Friday 6 July 2007

How the Light Gets In: General Synod 2007

That our erstwhile Primate should give Leonard Cohen the last word in his remarks at the opening service of General Synod 2007 in Winnipeg sticks in my mind. The words were:
Ring the bells that still can ring
Forget your perfect offering
There is a crack in everything
That's how the light gets in.
They come from “Anthem,” a song on Cohen’s 1992 album The Future. They were delivered in the context of what Archbishop Hutchinson was saying about grappling with moral theology in the serious and potentially divisive issues we face.

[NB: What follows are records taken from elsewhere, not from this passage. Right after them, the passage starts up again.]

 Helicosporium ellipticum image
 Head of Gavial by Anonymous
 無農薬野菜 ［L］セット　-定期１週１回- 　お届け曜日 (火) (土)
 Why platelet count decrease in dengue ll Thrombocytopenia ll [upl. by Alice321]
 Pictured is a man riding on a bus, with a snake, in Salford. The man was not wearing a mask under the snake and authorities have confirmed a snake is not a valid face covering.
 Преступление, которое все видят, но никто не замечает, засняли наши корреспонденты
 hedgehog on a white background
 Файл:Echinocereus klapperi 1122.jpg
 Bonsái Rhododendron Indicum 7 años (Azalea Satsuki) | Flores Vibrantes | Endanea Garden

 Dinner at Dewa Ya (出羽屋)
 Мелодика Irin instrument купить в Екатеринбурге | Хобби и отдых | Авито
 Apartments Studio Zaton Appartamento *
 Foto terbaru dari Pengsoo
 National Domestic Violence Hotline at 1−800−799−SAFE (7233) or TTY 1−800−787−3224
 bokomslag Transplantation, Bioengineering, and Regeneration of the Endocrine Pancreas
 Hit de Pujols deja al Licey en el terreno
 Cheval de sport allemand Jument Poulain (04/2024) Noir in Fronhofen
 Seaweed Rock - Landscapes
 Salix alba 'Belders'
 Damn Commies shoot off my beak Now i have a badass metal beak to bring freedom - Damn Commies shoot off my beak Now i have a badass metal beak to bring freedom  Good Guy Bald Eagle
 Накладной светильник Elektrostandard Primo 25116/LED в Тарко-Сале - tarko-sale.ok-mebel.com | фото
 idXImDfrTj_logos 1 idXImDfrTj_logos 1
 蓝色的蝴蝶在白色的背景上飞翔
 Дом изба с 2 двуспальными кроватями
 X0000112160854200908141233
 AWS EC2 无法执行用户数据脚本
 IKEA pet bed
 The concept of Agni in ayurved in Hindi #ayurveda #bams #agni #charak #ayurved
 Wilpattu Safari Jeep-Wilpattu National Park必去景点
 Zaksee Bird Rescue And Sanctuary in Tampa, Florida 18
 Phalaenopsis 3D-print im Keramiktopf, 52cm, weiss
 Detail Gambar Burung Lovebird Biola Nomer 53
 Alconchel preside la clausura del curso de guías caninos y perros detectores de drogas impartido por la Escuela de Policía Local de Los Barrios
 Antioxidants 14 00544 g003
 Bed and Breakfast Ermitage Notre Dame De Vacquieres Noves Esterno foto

Although Cohen is a Canadian icon and no mean poet, and although I appreciate the idea that the light of Jesus can, indeed, get in despite the "cracks" and imperfections in our lives, Cohen is far from a credible authority on matters of moral theology. The title track on that same album begins like this:
Give me back my broken night
my mirrored room, my secret life
it's lonely here,
there's no one left to torture
Give me absolute control
over every living soul
And lie beside me, baby,
that's an order!


Give me crack and anal sex
Take the only tree that's left
and stuff it up the hole
in your culture
Give me back the Berlin wall
give me Stalin and St Paul
I've seen the future, brother:
it is murder.
Not much light getting in through that particular crack.

The crack in the hull of a ship (or nave) is how the water that sinks it gets in. I am uncomfortably reminded of the “unsinkable” Titanic.

And was there the suggestion that a crack (or schism) in our ACC fabric would be a good thing, or is that just me?